_Brief_: Reproduce without any pictures the lines from the one that contains "Type in regedit" through the end of the records, exactly as written.

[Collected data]

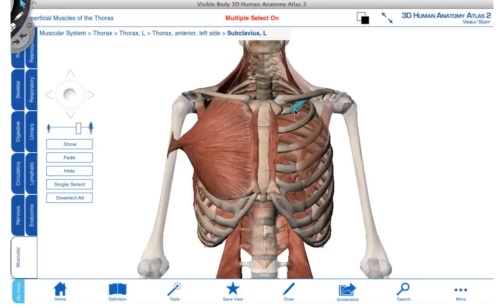At the beginning of this video clip, I demonstrated some of the movements produced by the scapulothoracic joint and the glenohumeral joint. It's a great idea to go back and watch these animations again and see these muscles in action.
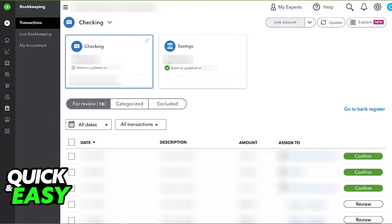Once you are done following this process on the Transactions tab, you will have access to all the expenses related to the credit card or the account that you added when you go back to the previous menu. Everything will be listed there and you can add new ones at any time.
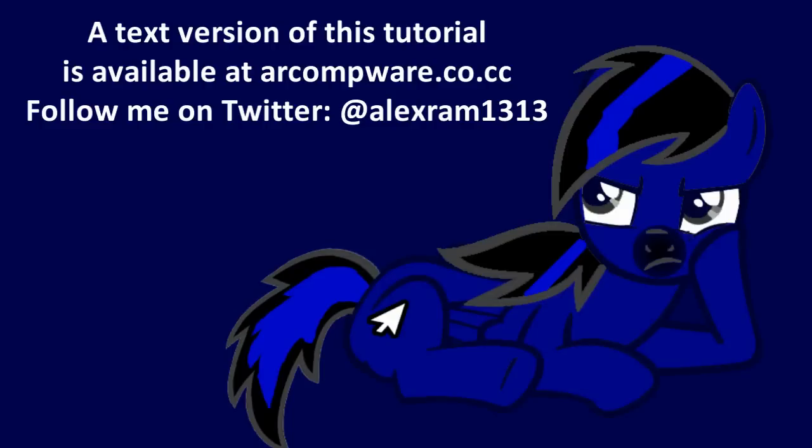And that's it! You've extended your partition! Now a text version of this tutorial is available on my website, arcompware.co.cc, and you can also follow me on Twitter at AlexRam1313. Thanks for watching this tutorial! Hope it helps you and please subscribe!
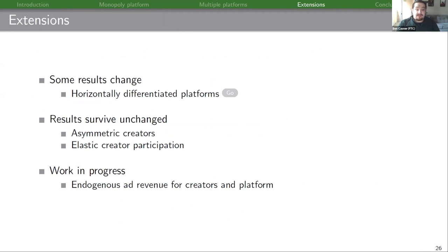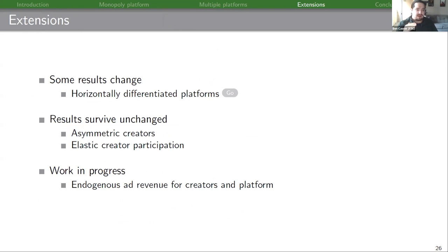We also have a few extensions. With horizontally differentiated platforms you can end up with multiple membership portals in equilibrium, but most of the main intuition survives. Allowing for asymmetric creators and elastic creator participation, our results survive essentially unchanged. As a work in progress, we're working on endogenizing advertising revenue for both creators and the platform.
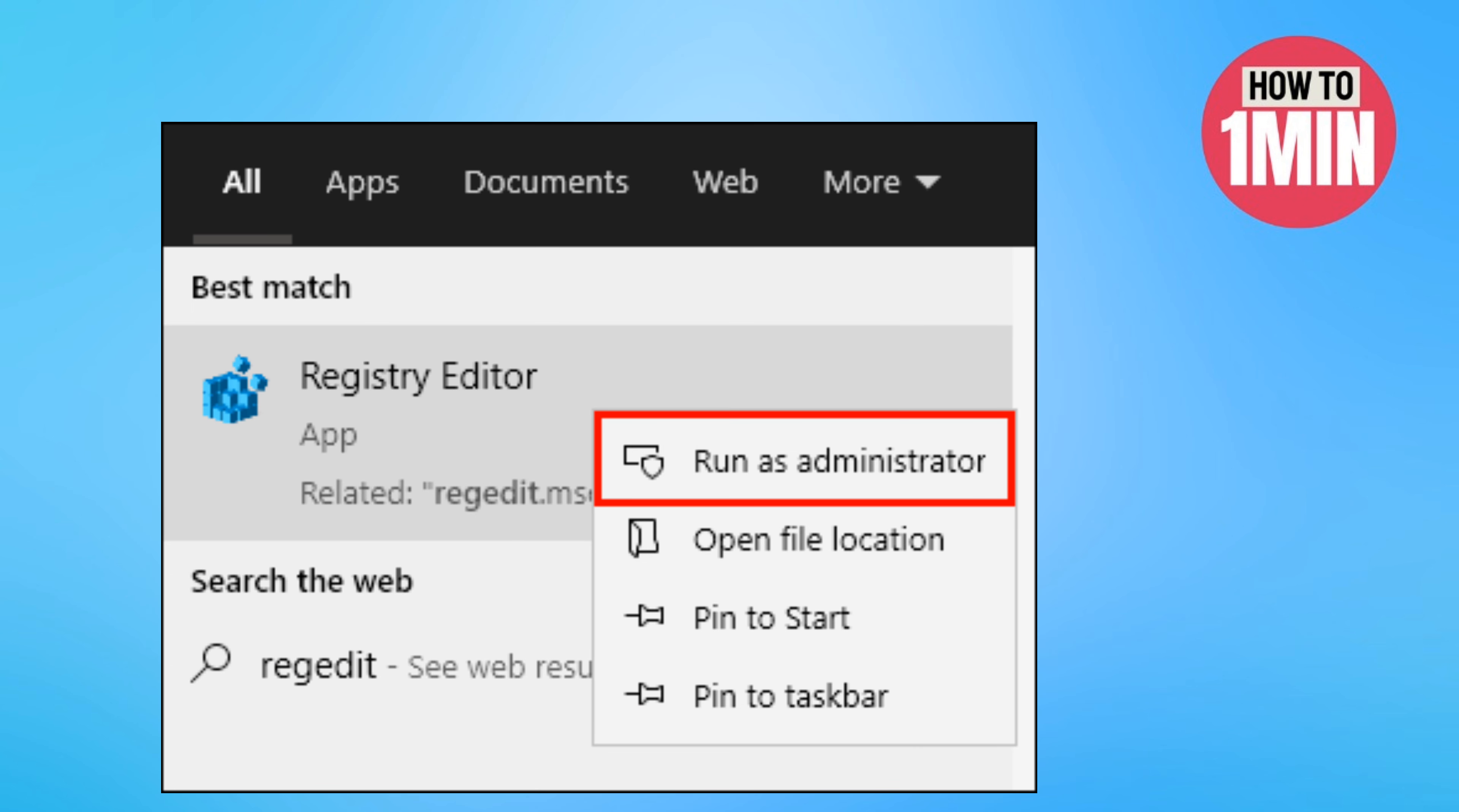Type in regedit in the search box and right click on registry editor. Choose run as administrator.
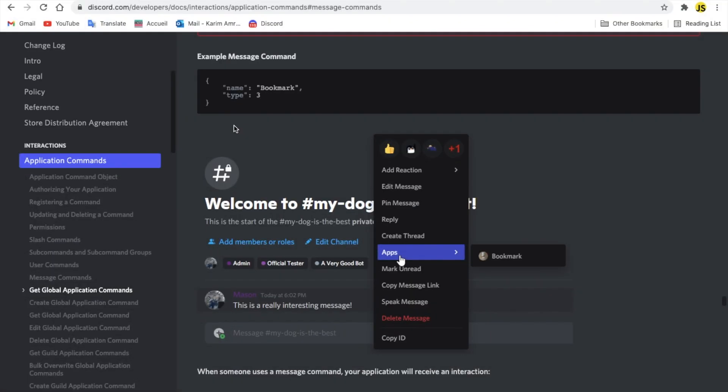Alright, so here I am on the developer portal. If you don't know what the context menu is, it's basically this: when you right click on a message, you can choose something. It's like a slash command without a description. Instead of just doing slash and typing whatever you want, you can just right click it and choose whatever you want from here.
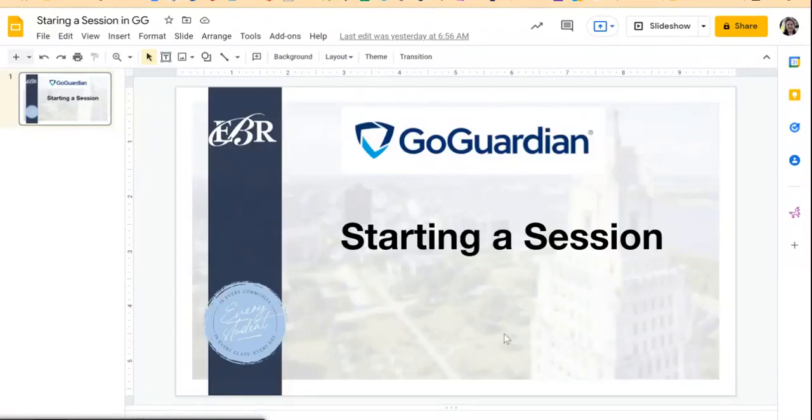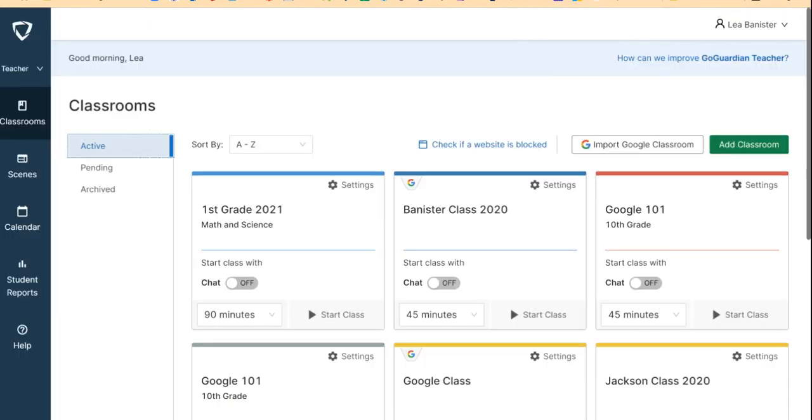Let me show you how to start a session in GoGuardian. Once you log in, you will see the classes that you created. Choose which class you would like to start a session for.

_Exercise answer_:
Type in regedit in the search box and right click on registry editor. Choose run as administrator.
Alright, so here I am on the developer portal. If you don't know what the context menu is, it's basically this: when you right click on a message, you can choose something. It's like a slash command without a description. Instead of just doing slash and typing whatever you want, you can just right click it and choose whatever you want from here.
Let me show you how to start a session in GoGuardian. Once you log in, you will see the classes that you created. Choose which class you would like to start a session for.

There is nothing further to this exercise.